Shaping Bipolar and Elliptical Planetary Nebulae: Effects of Stellar Rotation, Photoionization Heating, and Magnetic Fields

Abstract

We present two-dimensional hydrodynamical and magnetohydrodynamical simulations of the evolution of planetary nebulae formed through the interaction of two succeeding, time-independent stellar winds. Both winds are modeled according to a consistent physical prescription for the latitudinal dependence of their properties. We propose that single stars with initial masses above ~1.3 M_☉ can achieve near-critical rotation rates during their "superwind" phase at the tip of the asymptotic giant branch (AGB). We show that the resulting equatorially confined winds and their subsequent inflation to a double lobe structure by the post-AGB wind leads to the typical hourglass shape found in many planetary nebulae, such as MyCn 18. Following Chevalier & Luo and Różyczka & Franco, we then combine the effect of a magnetic field in the post-AGB wind with rotating AGB winds.
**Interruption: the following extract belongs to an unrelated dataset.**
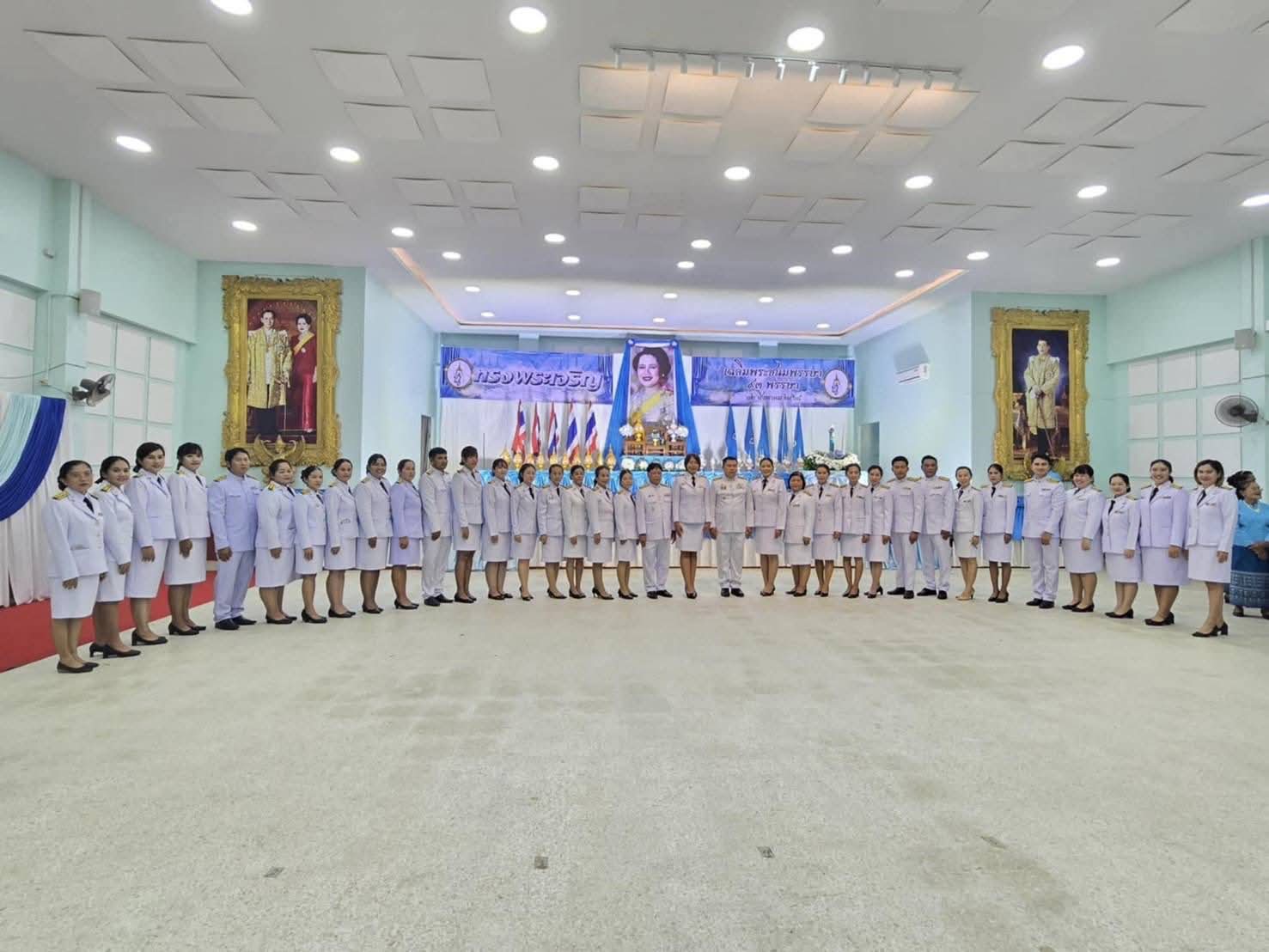นางทิพวรรณ ศรท้วม ตำแหน่ง ผู้อำนวยการโรงเรียนบ้านหนองหญ้าปล้อง มอบหมายคุณครูเข้าร่วมกิจกรรมวันแม่แห่งชาติ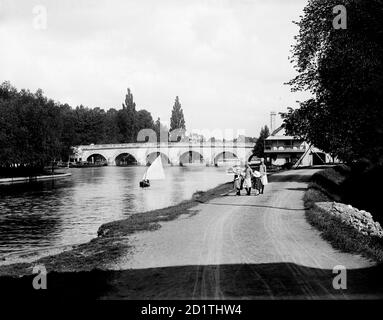 MAIDENHEAD BRIDGE, Maidenhead, Berkshire. L'aspetto nord del ponte visto dalla riva del Buckinghamshire, con una piccola parte di ragazze che camminano lungo il sentiero lungo il fiume. Il grazioso ponte è costruito in pietra di Portland e fu costruito nel 1770, aprendosi per il traffico nel 1777. Fotografato nel 1885 da Henry Taunt. Foto Stock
We obtain highly collimated bipolar nebula shapes, reminiscent of M2-9 or He 2-437. For sufficiently strong fields, ansae and jets, similar to those observed in IC 4593 are formed in the polar regions of the nebula. Weaker fields are found to be able to account for the shapes of classical elliptical nebulae, e.g., NGC 6905, in the case of spherically symmetric AGB winds, which we propose for single stars with initial masses below ~1.3 M_☉. Photoionization, via instabilities in the ionization-shock front, can generate irregularities in the shape of the simulated nebulae. In particular, it leads to the formation of cometary knots, similar to those seen in the Helix nebula (NGC 7293). This effect may also be responsible for large-scale irregularities like those found in Sh 2-71 or WeSb 4. We arrive at a scenario in which the majority of the planetary nebula with their diverse morphologies is obtained from single stars. This scenario is consistent with the Galactic distribution of the different nebula types, since spherical and elliptical nebulae—which have a distribution with a large scale height above the Galactic plane—are ascribed to progenitor masses below ~1.3 M_☉, with magnetic effects introducing ellipticities. Bipolar nebulae, on the other hand—which are on average closer to the Galactic plane—are found to stem from progenitors with initial masses above ~1.3 M_☉.